» EXERCISE: The pictures get dropped, while every remaining part of the listing is copied exactly.

» DATASET SECTION:
┏━━
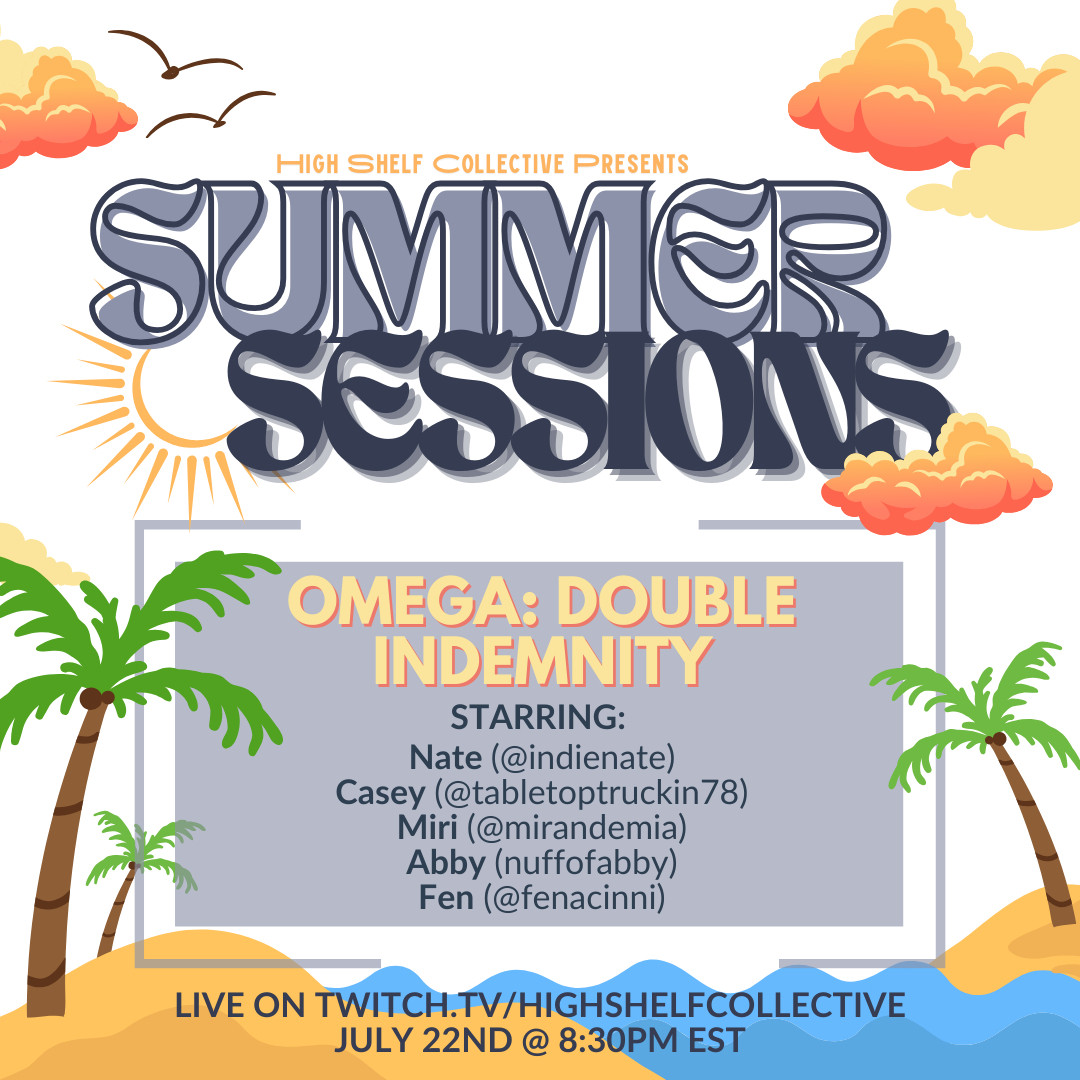 HSC Summer Sessions promo - Omega: Double Indemnity. Beach vibes, with cast names in front of tropical beach scene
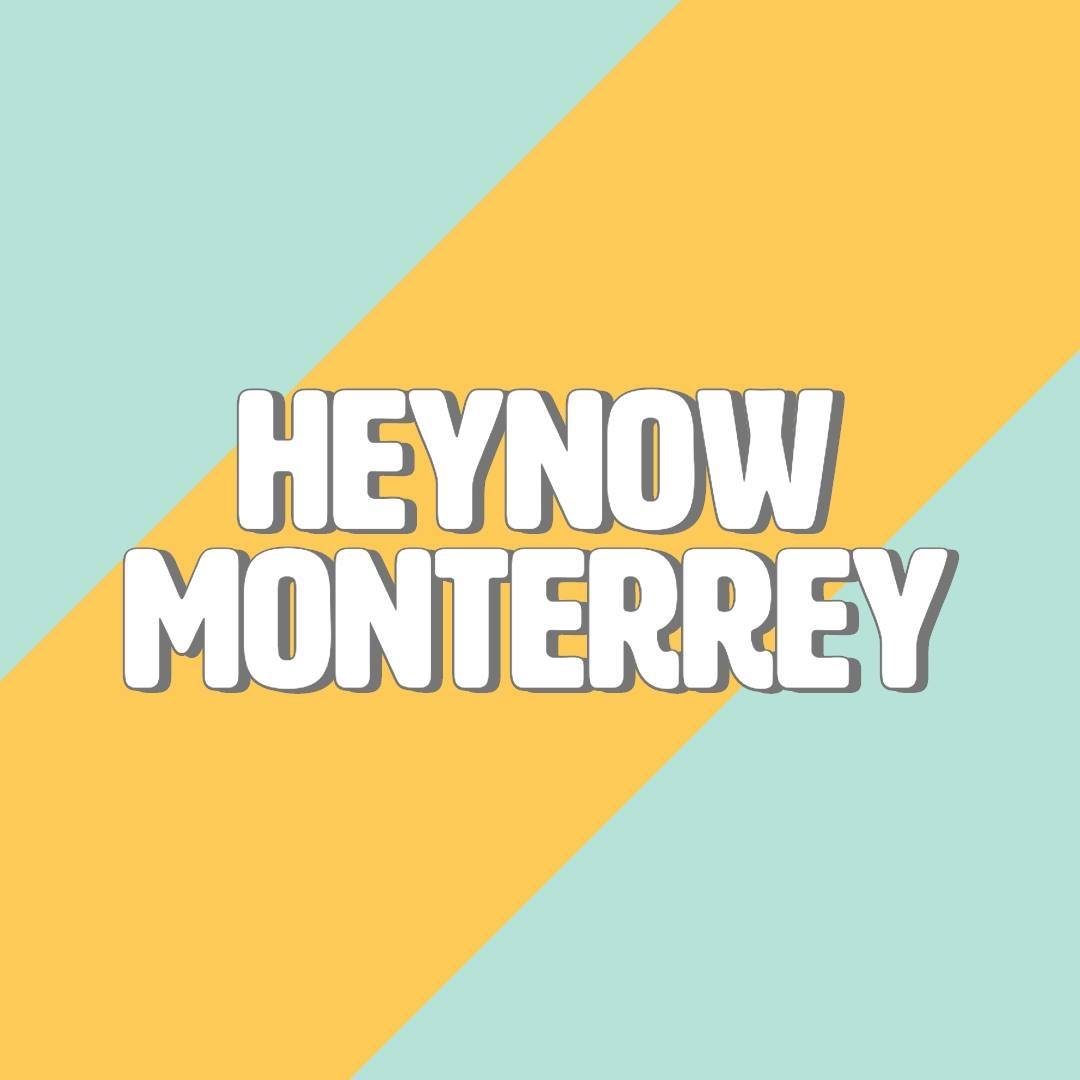 HeyNow Monterrey | Monterrey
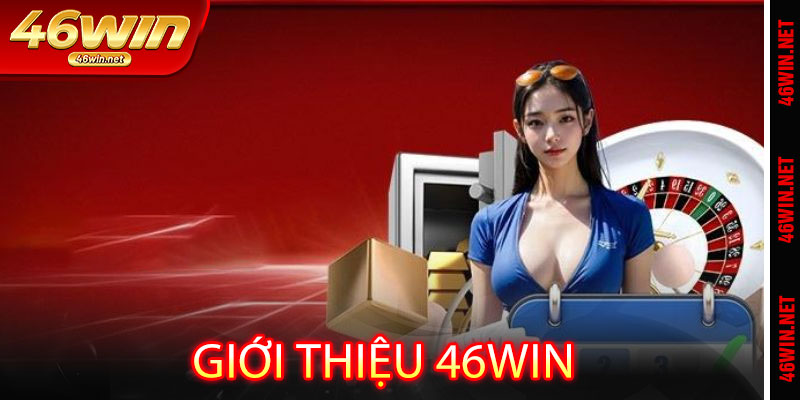 Giới Thiệu 46win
┗━━
» EXERCISE OUTPUT:
 HSC Summer Sessions promo - Omega: Double Indemnity. Beach vibes, with cast names in front of tropical beach scene
 HeyNow Monterrey | Monterrey
 Giới Thiệu 46win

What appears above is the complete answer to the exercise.